Dal 1970 in avanti: altre forme dell’astratto

From 1970 Onwards: Other Forms of Abstract Art

Fuori tiro
Fuori tiro

During the 1970s, and especially towards the end of the decade, the highest and most innovative period of abstract painting can be said to have culminated throughout the world – at least as a unique or privileged domain for the most advanced artistic research. Its dominion – constantly challenged not only by a broad segment of the public and critics (and not just the most reactionary of them; see for all Roberto Longhi’s position in Italy), but also by parallel artistic experiments in figuration – ultimately remained undisputed. This is especially true when one considers overall developments in the visual arts from the start of the century up to the remarkable, almost simultaneous advent of conceptualism and pop art, and later of post-minimalist sculpture, which spread in various forms throughout Europe and America. With it, the traditional laws of sculpture also definitively entered into crisis as did the rigid separation that a century-old aesthetic speculation had traced between sculpture and painting.
As aesthetic theory evolved, however, the number and quality of the cases of permanence of the oldest languages remain striking.

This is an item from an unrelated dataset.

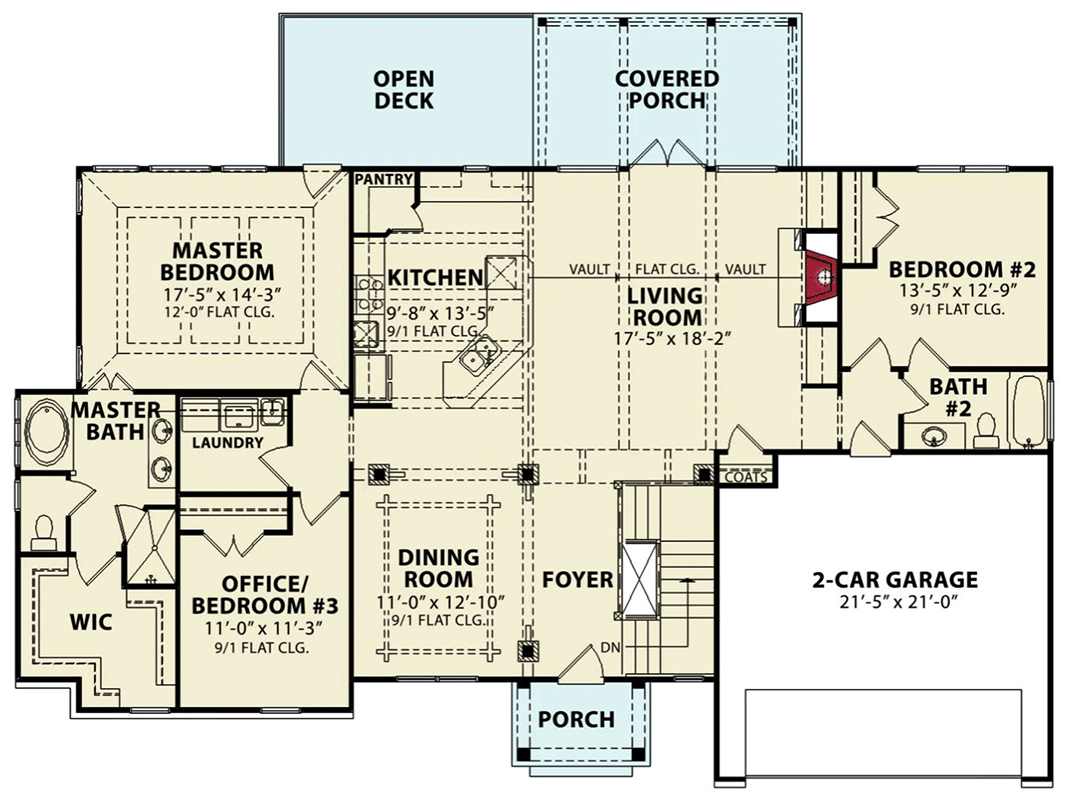 Plan 15853GE: One-Story House Plan with Flex Room and Vaulted Living Room - 1927 Sq Ft - Floor Plan - Main Level - Ranch, Traditional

Some of the most important examples, as regards Italian art, are documented in the collections of the Bank of Italy. We owe their existence to members of previous generations who innovated without abandoning the old techniques; to artists that flourished in artistic grounds that were closer to the various declinations of conceptual art in Italy, and with it Arte Povera (which in reality was one of the formulations of international post-minimalism); and finally, to younger artists who in this period (the last thirty years of the century) were bent on recovering the canons of an abstract tradition of modern art.
Foremost among these were the experiments by Corpora, who in later years embraced a more intensively lyrical style; by Afro, inclined to a geometrical form of abstraction; by Scialoja, intent on recouping the free gestural expressiveness of 1956 and 1957 that he had abandoned in favour of the space-time “quantities” of the “Impronte”; by Perilli, Dorazio and Carla Accardi. All were members of Forma Nuova, all were intent on formulating an image still based on the standard identified by each in their early maturity: respectively, wild and Dadaist geometry, light and its transparency, and the sign submerged in the mantle of colour.
Of note in the second group are the works of Paolini, Calzolari and Gastini. Among the youngest of them, mentioned here only by way of example, we recall the rigorously geometrical paintings of Marco Tirelli and the transfigured, denuded “landscapes” of Silvio Lacasella.